As expected, it was announced Thursday that the Central League had officially decided to stick with its March 25 Opening Day, while the Pacific League will postpone its season-openers until April 12.
Originally, both leagues were due to start their regular seasons on March 25, but last Friday's large earthquake and tsunami threw those plans into disarray.
Stadiums in Sendai and Chiba both suffered damage in the March 11 magnitude-9.0 earthquake, and there is still a threat of wind-borne radiation from crippled nuclear plants in Fukushima.
Also, rolling power blackouts are in effect to conserve electricity in the Tokyo area and surrounding prefectures, and some train and subway lines are still experiencing delays.
The plan to start the CL season on schedule was opposed by the most of the players.
"I'm just frustrated that the (NPB) Players Association's request to delay the start of this season was not accepted," said player rep Takahiro Arai, an infielder with the Hanshin Tigers. "We also feel a need to encourage (the disaster victims) through baseball, but I don't think that playing at the present time is appropriate."

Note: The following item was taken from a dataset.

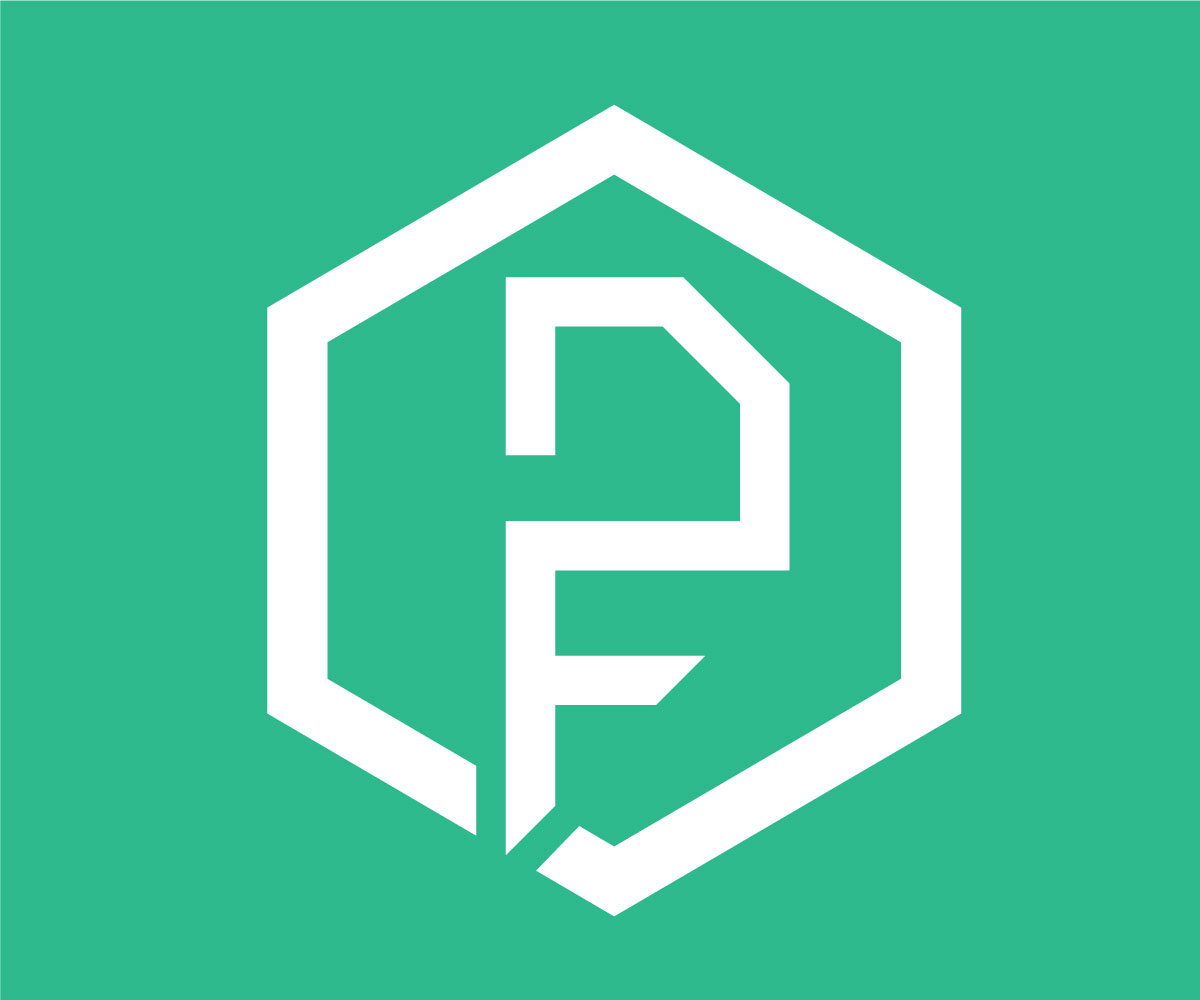 Logo Design by Pedyson for this project | Design #4464454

Some also view it as inappropriate to use large amounts of electricity to light baseball stadiums for night games. CL team officials, however, said they felt a responsibility to forge ahead in these trying times, and that money made from these games could be used to help the victims of the quake/ tsunami disaster.
"It's our responsibility, as people involved in (pro) baseball, to put on baseball games," said Junsei Atarashi, a Yakult Swallows official and head of Central League board.

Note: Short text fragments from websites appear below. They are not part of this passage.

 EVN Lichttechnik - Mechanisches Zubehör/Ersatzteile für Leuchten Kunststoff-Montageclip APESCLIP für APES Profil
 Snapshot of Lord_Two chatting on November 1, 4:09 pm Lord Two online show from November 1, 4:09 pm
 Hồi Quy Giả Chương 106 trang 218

Added Yokohama BayStars official Hiroshi Sasagawa: "We'll take swift action to cancel games if the government orders us to do so. We can respond to unanticipated situations. The number of games played by each team might be different when the season is over."
As for the Pacific League, it was determined that April 12 was as far back that they could push their Opening Day.
"It's the latest date that the PL can start and still complete 144 games and the Climax Series," said Tomoharu Inoue, the Rakuten Eagles' acting owner and head of the PL board.
The Eagles, who are based in Sendai at the heart of the tsunami disaster, will play their home games in Kobe to start the season. The club hopes to eventually resume games at Kleenex Stadium in Sendai once repairs are made.
"We want to play in Sendai as early as possible," said Inoue. "I believe we can do it this season."
Since the two-league system was implemented in 1950, this will mark the first time that an NPB Opening Day has been pushed back for reasons not weather-related.